─── Given data ───

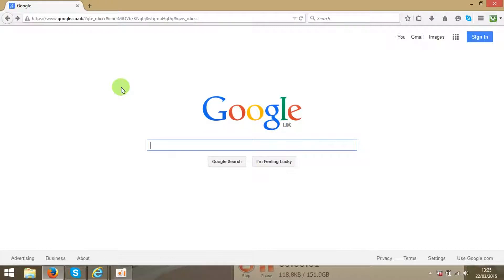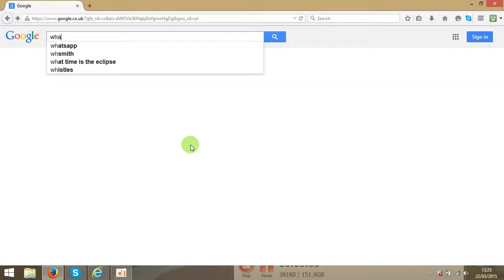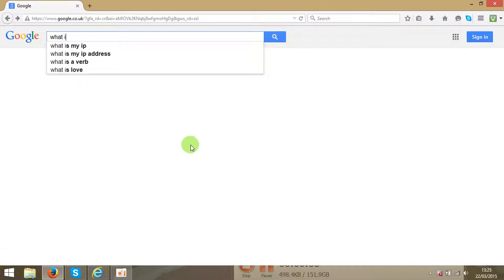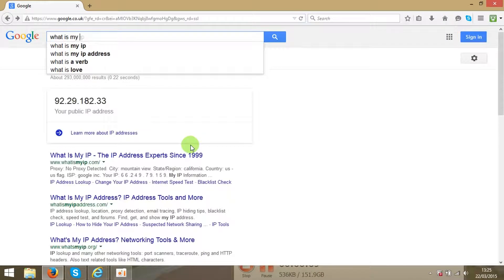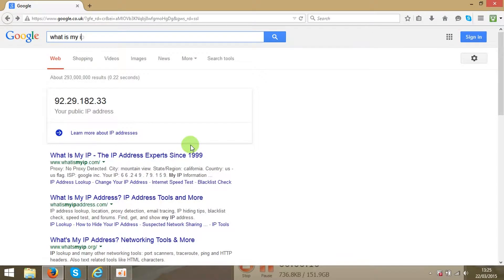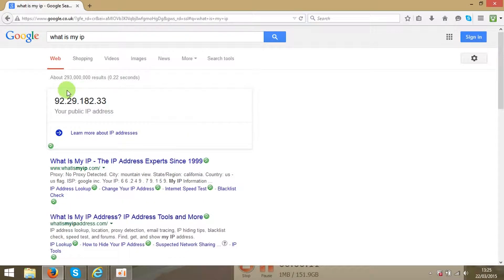Hello guys! I'll show you an easy tool to find your IP. Go to Google and type 'what is my IP' and you can see in the first line it shows your IP address.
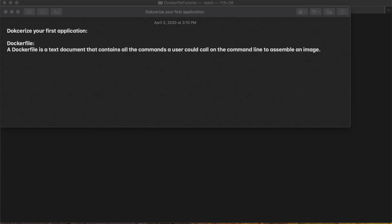Today we will see how to dockerize your first application — for example, an application written in C or Python. Before diving into the main part, let's understand something about the Dockerfile. A Dockerfile is a text document that contains all the commands a user could call on the command line to assemble an image, building our application from source.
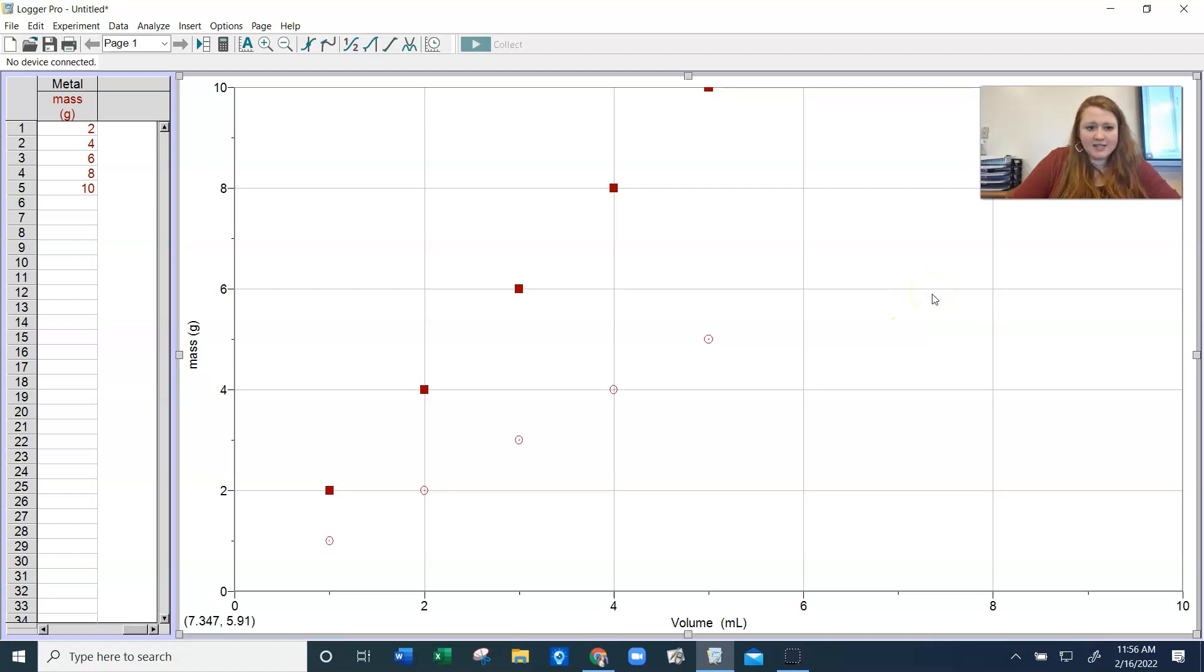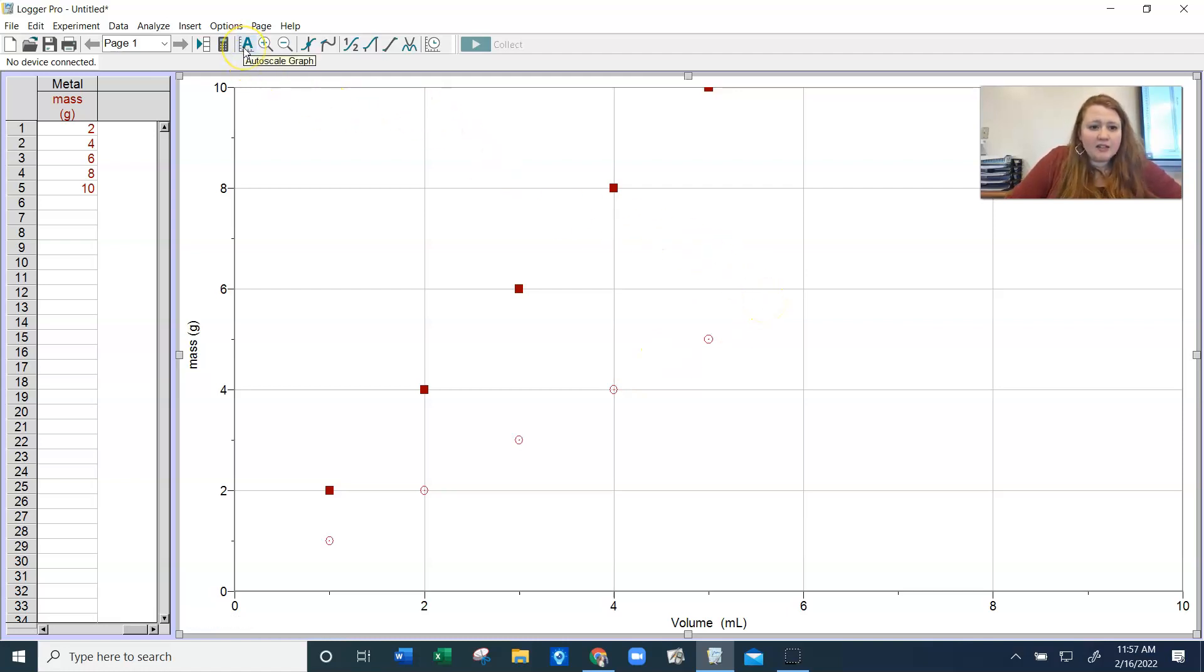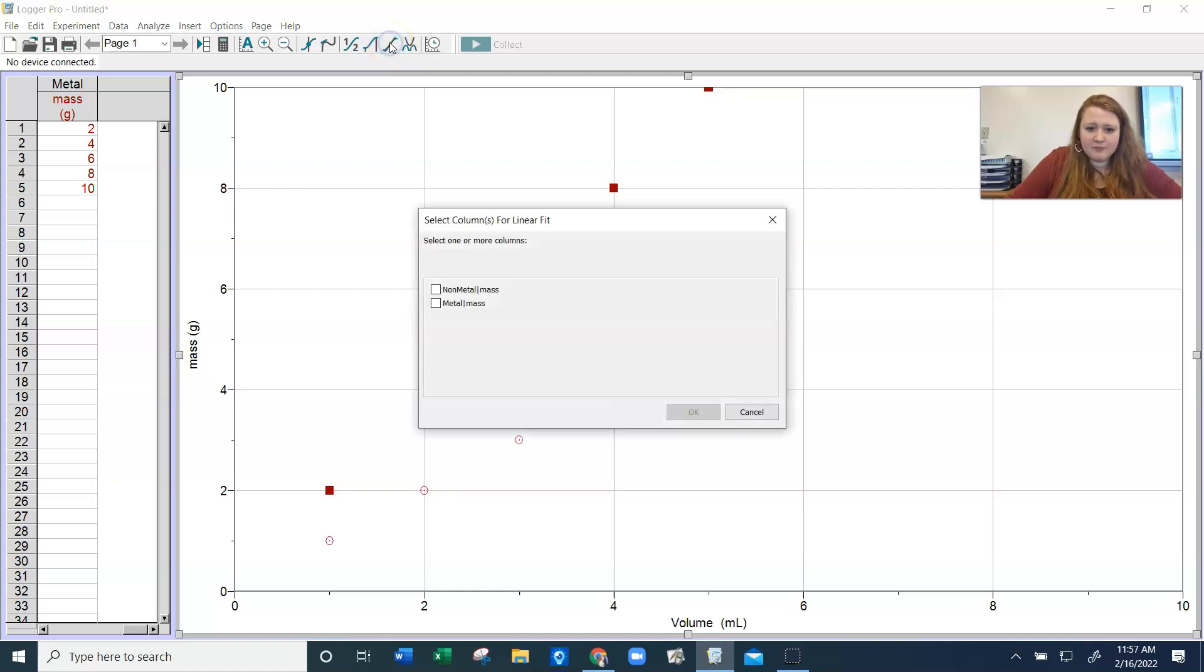Now, the very last thing you're going to do, once you have all of your data graphed on the same graph, you're going to come up here. And if you hold your cursor over these buttons, it tells you what's happening. We want to do a linear fit, which is this key right here. And we want to do a linear fit for our non-metal and our metal.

───

Your answer must be exactly the lines from the one with "Today we will" through the final line of the data, with no pictures in it.

## [Your response]
Today we will see how to dockerize your first application — for example, an application written in C or Python. Before diving into the main part, let's understand something about the Dockerfile. A Dockerfile is a text document that contains all the commands a user could call on the command line to assemble an image, building our application from source.
Now, the very last thing you're going to do, once you have all of your data graphed on the same graph, you're going to come up here. And if you hold your cursor over these buttons, it tells you what's happening. We want to do a linear fit, which is this key right here. And we want to do a linear fit for our non-metal and our metal.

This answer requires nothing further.